Tetapi, jika ditinjau dari riwayat kesejarahan  penguasaan lahan tanah wilayah perumahan dan pemukiman  Kp. Naringgul RT 01/ RW 17, Desa Tugu Selatan, Kecamatan Cisarua – Bogor,  areal lahan perumahan dan pemukiman Kp. Naringgul sudah mulai ditempati warga semenjak awal berdiri PT Gunung Mas  tahun 1910 semasa pemerintahan kolonial Belanda. Menurut cerita masyarakat yang berkembang secara mulut  ke mulut, generasi pertama Kampung Naringgul adalah sanak – famili ”Bapak Marhadi” yang merupakan buruh pekerja perkebunan Teh. Warga Kampung Naringgul pada masa Pemerintahan Kolonial Belanda secara turun – temurun  menempati areal tanah tersebut sebagai Perumahan dan Pemukiman.
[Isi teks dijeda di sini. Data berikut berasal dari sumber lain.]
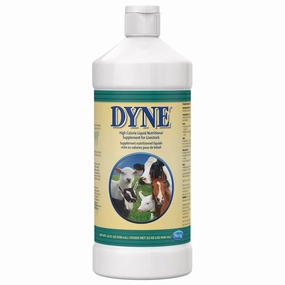 Dyne High Calorie Liquid Nutritional Supplement for Livestock tuff dog toys durable toys for dogs chew tested toys hard chew toy strong plush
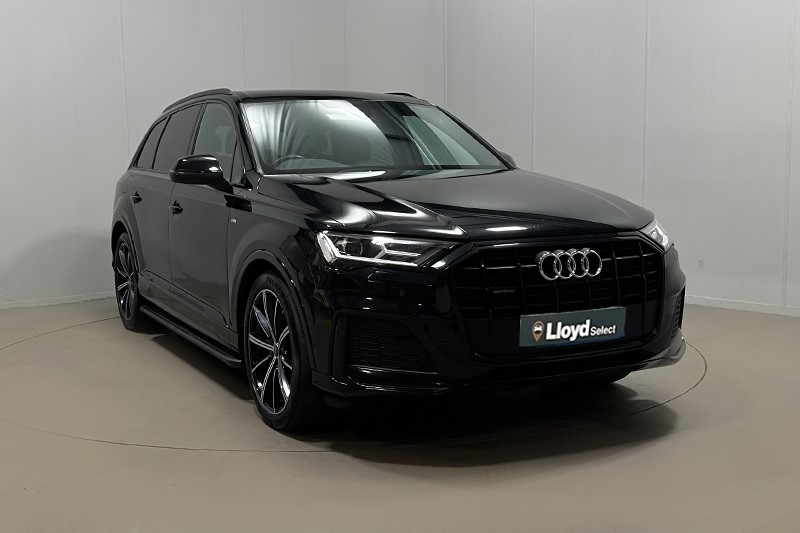 2023 (72) AUDI Q7 45 TDI Quattro S Line 5dr Tiptronic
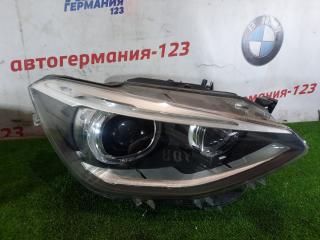 Фара правая BMW 116 2014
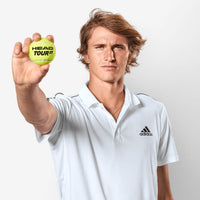 Tour XT Tennis Balls (Tube of 4)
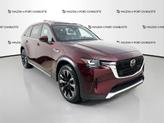Photo of 2025 Red Mazda CX-90 PHEV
Pada tahun 1942, memasuki peralihan kekuasaan pemerintahan kolonial Belanda pada kekuasaan  Pemerintahan Fasisme Jepang, “Tuan Anthoni” mantan pemilik perkebunan berkebangsaan Belanda menghibahkan areal tanah Dusun Kiara Payung sebelum berganti nama menjadi Kampung Naringgul, kepada bekas kokinya”pasangan suami – isteri Uyut Aman dan Mak Iti”. Pasangan suami – isteri tersebut generasi kedua  penduduk asli Kampung Naringgul.  

Pada 1984,  Pak Iswaji ADM PTPN VIII Gunung Mas Puncak Bogor meminjam dengan melakukan  tekanan secara paksa terhadap  “Bapak Bawono” keturunan keluarga pemegang hibah areal tanah perumahan dan pemukiman yang juga bekerja di perkebunan sebagai buruh. Bapak Iswaji menawarkan areal perumahan dan pemukiman  Kampung Naringgul tukar tempat dengan areal tanah di Cimisblung yang masih hutan belantara karena areal tanah perumahan dan pemukiman Kampung Naringgul akan dijadikan lokasi emplasement PTPN VIII Gunung Mas. Bapak Bawono menolak tawaran pihak PTPN VIII Gunung Mas tersebut karena  memegang amanah para  pendahulu beliau untuk tidak meninggalkan atau memperjual – belikan. Areal tanah perumahan dan pemukiman tersebut harus terus ditempati oleh anak keturunan penduduk Kampung Naringgul; tidak boleh dialih-fungsikan dalam bentuk bangunan apapun atau diperjual – belikan kepada orang lain.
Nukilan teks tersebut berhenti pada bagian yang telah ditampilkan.